*** Begin section ***

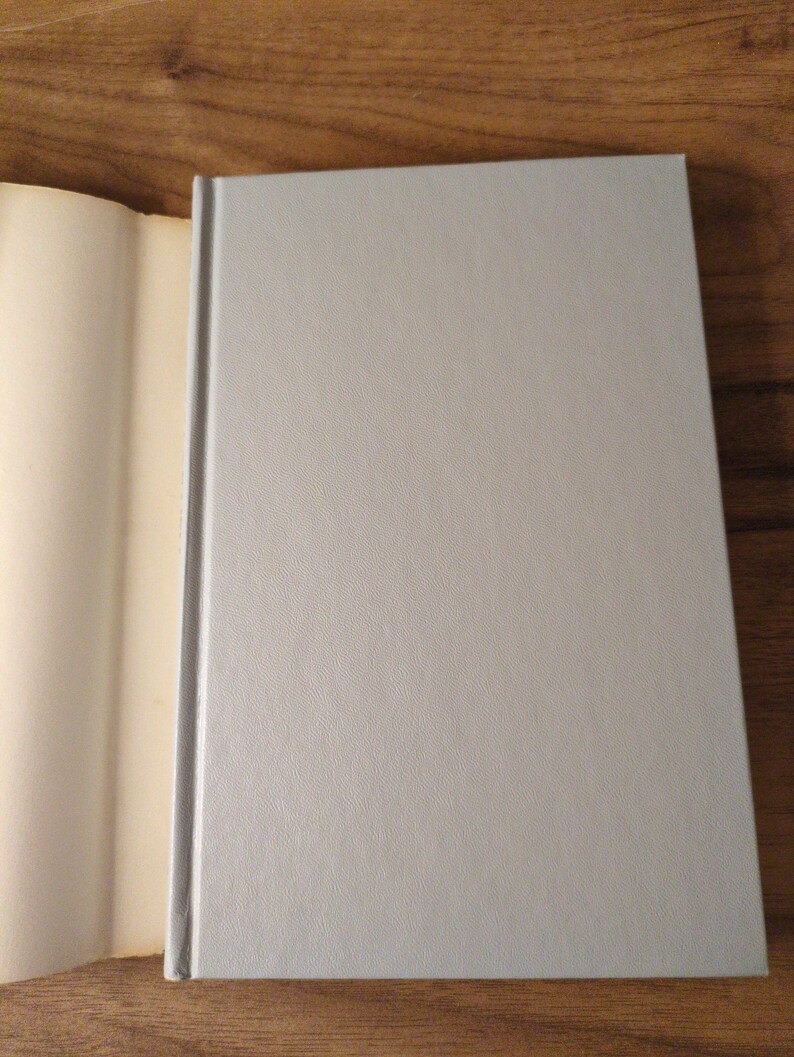 May include: A hardback book with a pale grey cover and a textured surface. The book is open, revealing the off-white pages. The spine is a darker grey. The book is on a wooden surface.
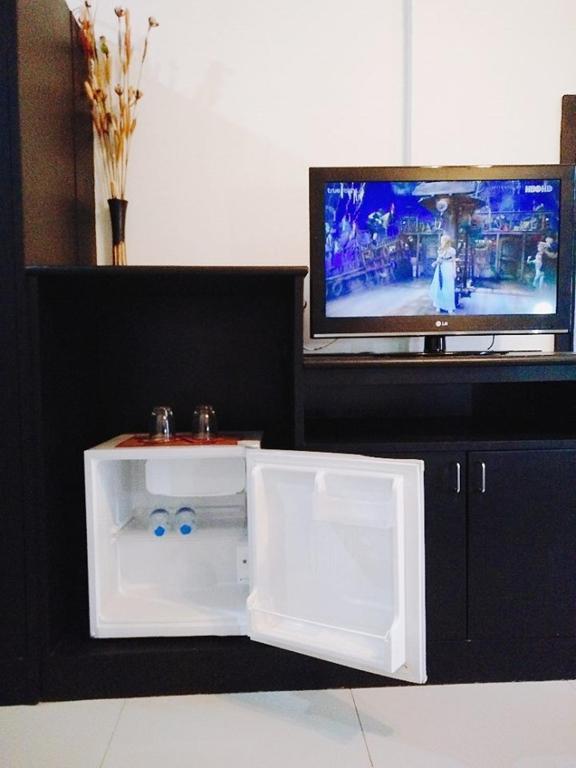 TV a/nebo společenská místnost v ubytování Boomerang Inn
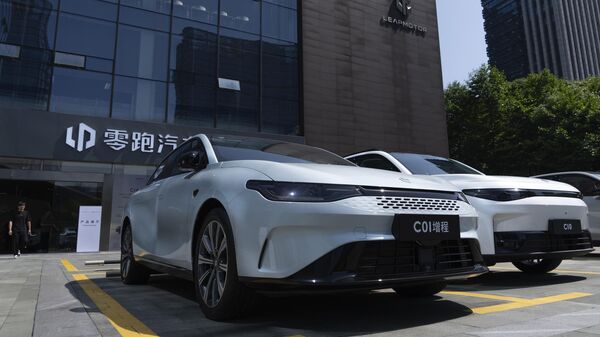 Leapmotor vehicles are parked outside a showroom in Hangzhou in eastern China's Zhejiang province on Tuesday, May 14, 2024 - Sputnik International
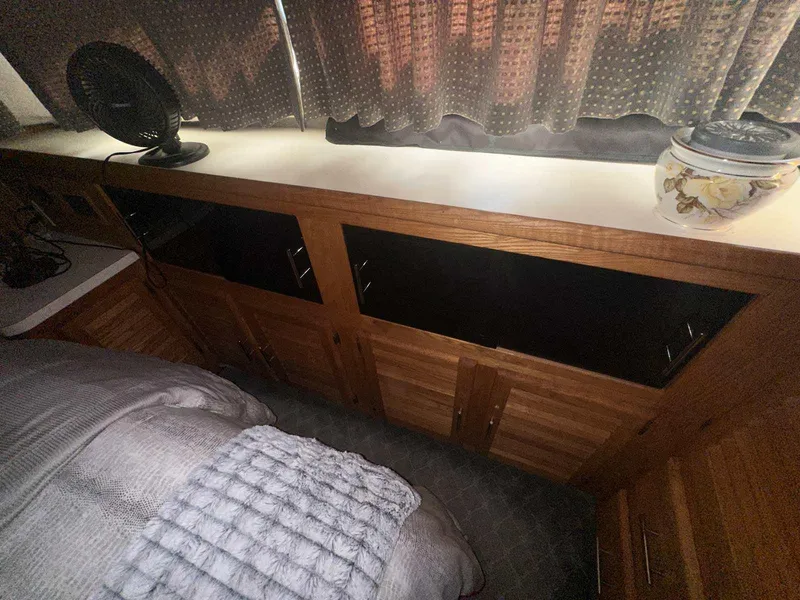 Slide: The Image of 1987 Silverton 40 Double Cabin interior with wooden cabinets and cozy bedding. - 49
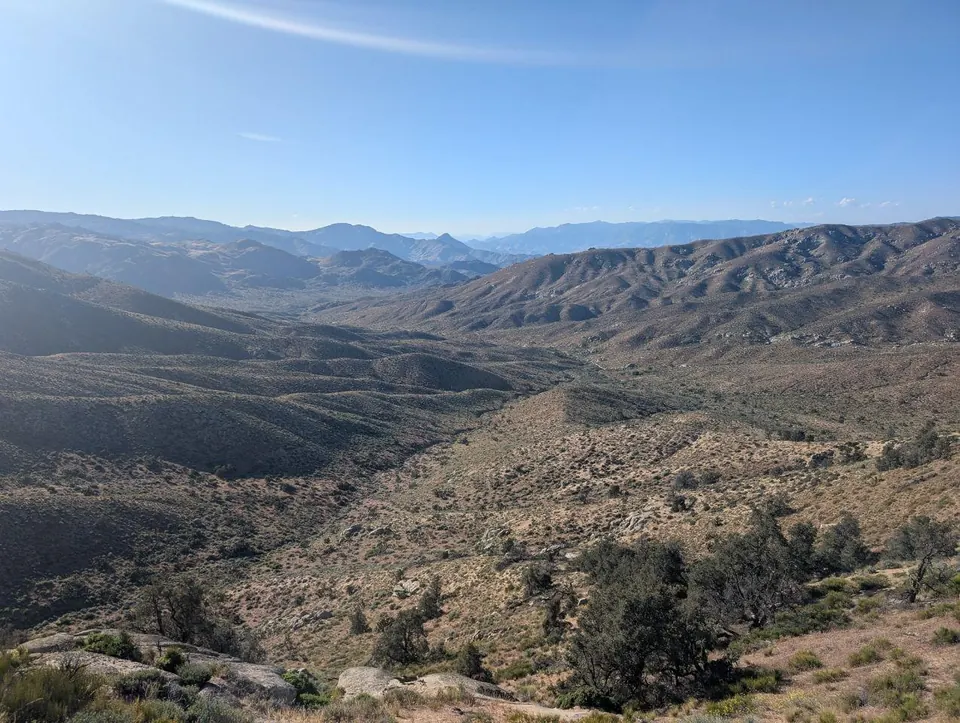 Collines arides s'étendant jusqu'aux montagnes lointaines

*** End section ***

TASK DETAILS:
Any images must be dropped; all other material is to be printed exactly.

WRITTEN RESPONSE:
 May include: A hardback book with a pale grey cover and a textured surface. The book is open, revealing the off-white pages. The spine is a darker grey. The book is on a wooden surface.
 TV a/nebo společenská místnost v ubytování Boomerang Inn
 Leapmotor vehicles are parked outside a showroom in Hangzhou in eastern China's Zhejiang province on Tuesday, May 14, 2024 - Sputnik International
 Slide: The Image of 1987 Silverton 40 Double Cabin interior with wooden cabinets and cozy bedding. - 49
 Collines arides s'étendant jusqu'aux montagnes lointaines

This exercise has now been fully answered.